I want my children to be successful, but more than that, I want my kids to change the world. I want them to stand up for what is right when it is hard to do. I want my kids to be worthy of leading others. I want my son and my daughters to live life with passion. To live life fully and overflowing–settling for nothing and settling for no one.
The separation between a history maker and someone that is forgotten is grit. Grit is defined as courage and resolve; strength of character. A lack of grit will cause one person to give up and quit, throwing in the towel when life punches them in the mouth. Anyone that has lived a little while knows that life punches and punches hard.
As dads, I think we want the best for our kids.
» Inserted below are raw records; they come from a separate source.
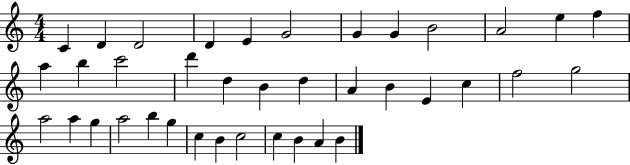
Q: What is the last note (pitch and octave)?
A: B4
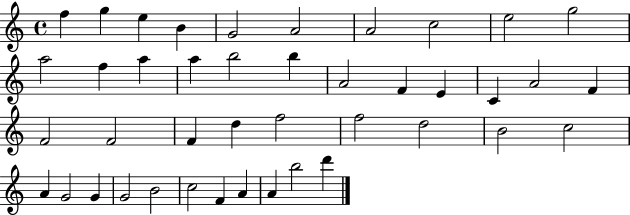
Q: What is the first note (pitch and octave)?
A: F5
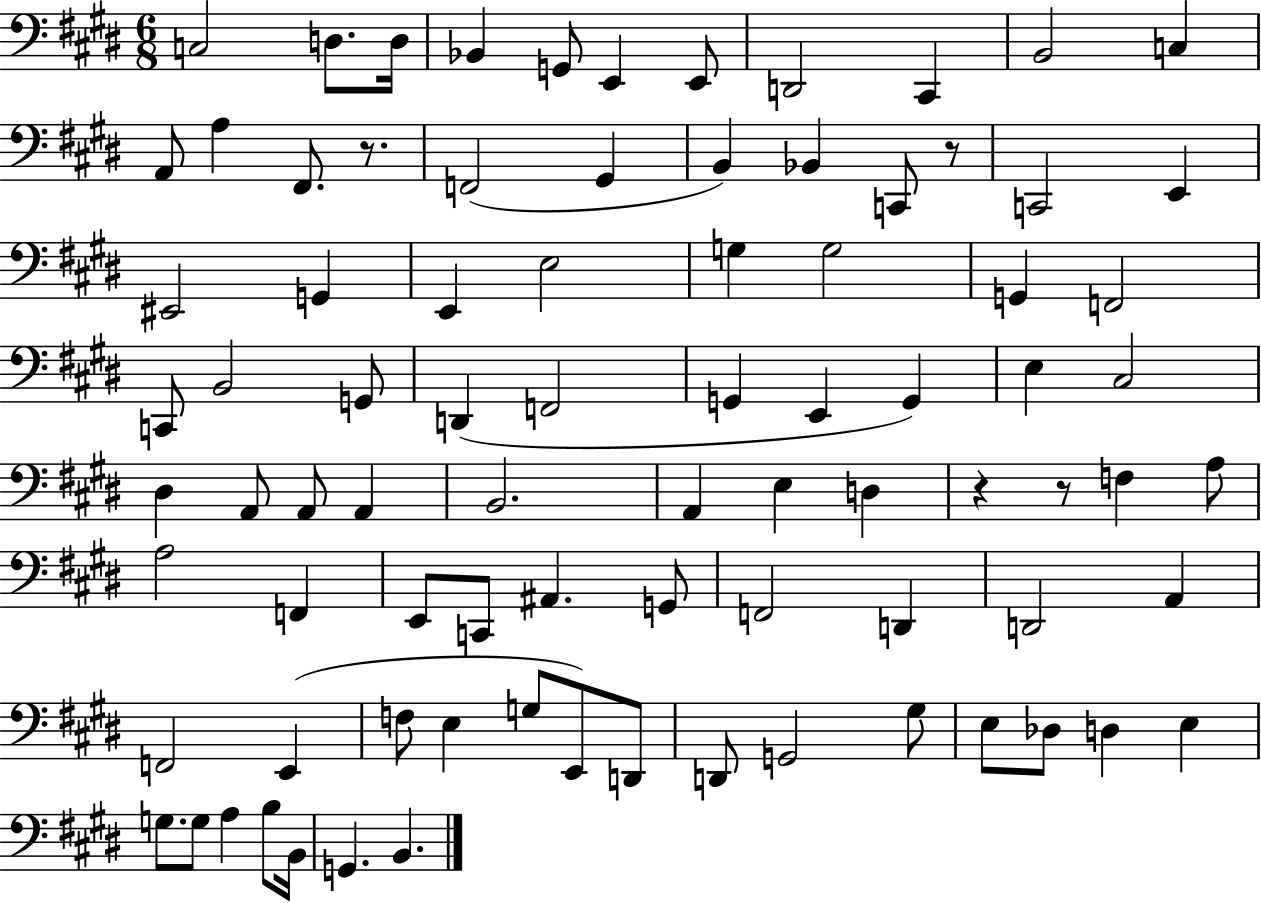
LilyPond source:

{
  \clef bass
  \numericTimeSignature
  \time 6/8
  \key e \major
  c2 d8. d16 | bes,4 g,8 e,4 e,8 | d,2 cis,4 | b,2 c4 | \break a,8 a4 fis,8. r8. | f,2( gis,4 | b,4) bes,4 c,8 r8 | c,2 e,4 | \break eis,2 g,4 | e,4 e2 | g4 g2 | g,4 f,2 | \break c,8 b,2 g,8 | d,4( f,2 | g,4 e,4 g,4) | e4 cis2 | \break dis4 a,8 a,8 a,4 | b,2. | a,4 e4 d4 | r4 r8 f4 a8 | \break a2 f,4 | e,8 c,8 ais,4. g,8 | f,2 d,4 | d,2 a,4 | \break f,2 e,4( | f8 e4 g8 e,8) d,8 | d,8 g,2 gis8 | e8 des8 d4 e4 | \break g8. g8 a4 b8 b,16 | g,4. b,4. | \bar "|."
}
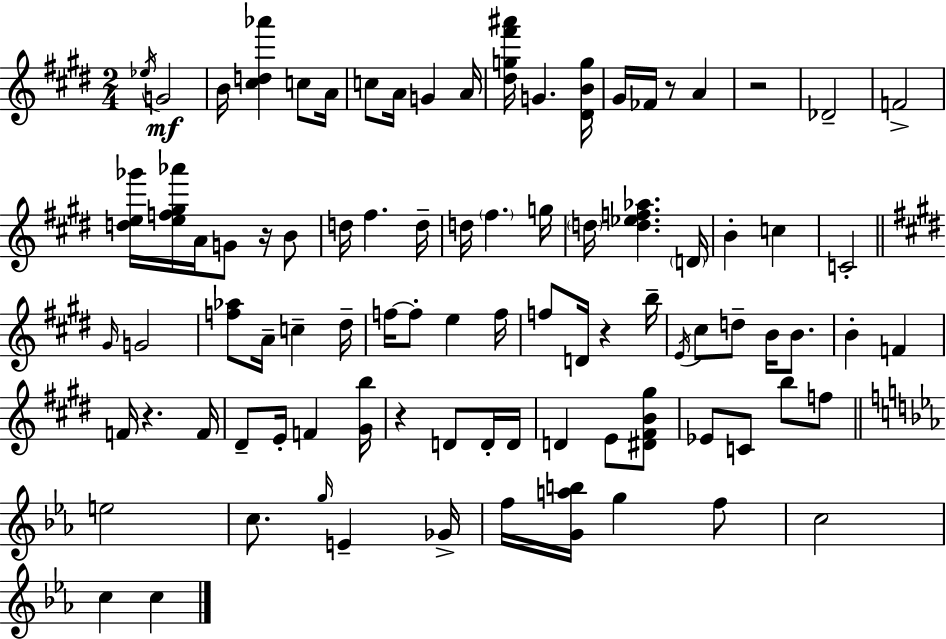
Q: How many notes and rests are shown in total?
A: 89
We want our kids to have grit like Ann Frank, Abraham Lincoln, Benjamin Franklin, Thomas Addison, and Winston Churchill just to name a few. All people that we wouldn’t know if they didn’t have grit. As fathers, I think one of the most important attributes we can teach our kids is to have grit. We must do these four things to teach our children to have grit.
Modeling. Our children will learn more from what we do than they will ever learn from what we say. Words are important, but they become worthless when our actions show things that are contrary to what we tell them are important. If we want our kids to have grit, we dads need to show them how it’s done. We need to be the men of grit we hope they become.
Let them fail. It is tempting to jump in and save our kids from all their failures. The reality is there is no better time for your kids to fail then under your watchful eye. You can keep them from catastrophic failure while teaching them to rise again after they fall flat. Letting your children fail early will help them gain the muscle of grit for the bigger failures that are in front of them. Help your children gain the muscle of grit by allowing failure.
Experiment. Challenge and encourage your kids to try new things. Teach them to stretch beyond what they are comfortable with will increase their grit and their gifts. Teaching your kids that failure is just experimenting will create well-rounded adults. Your kids will put falling into a better light, and they will be more likely to continue to try new things as adults. Teaching a lifestyle of experimenting will help your children to grow their whole lives.
Specific Praise. Praising our kids for actions we want to see more of is necessary. We need to praise our children for trying their best. It is easy to praise results, but we need to praise what is behind the results. Did your child falter but kept going? Praise that effort. Praise your children for stepping out and trying something new. Praise them for the swing not whether they got a home run or not. If we only praise results, we can cause kids to stay in the land of familiar. Praise grit to increase it.
Resiliency is not something that will happen overnight, but in time your kids will learn to have grit. Have some grit as a parent and keep on trying. In time, after setbacks and failures, your kids will have guts and resilience. Raise kids to be ready not only for the world but to change it.
Are you teaching your children to have grit?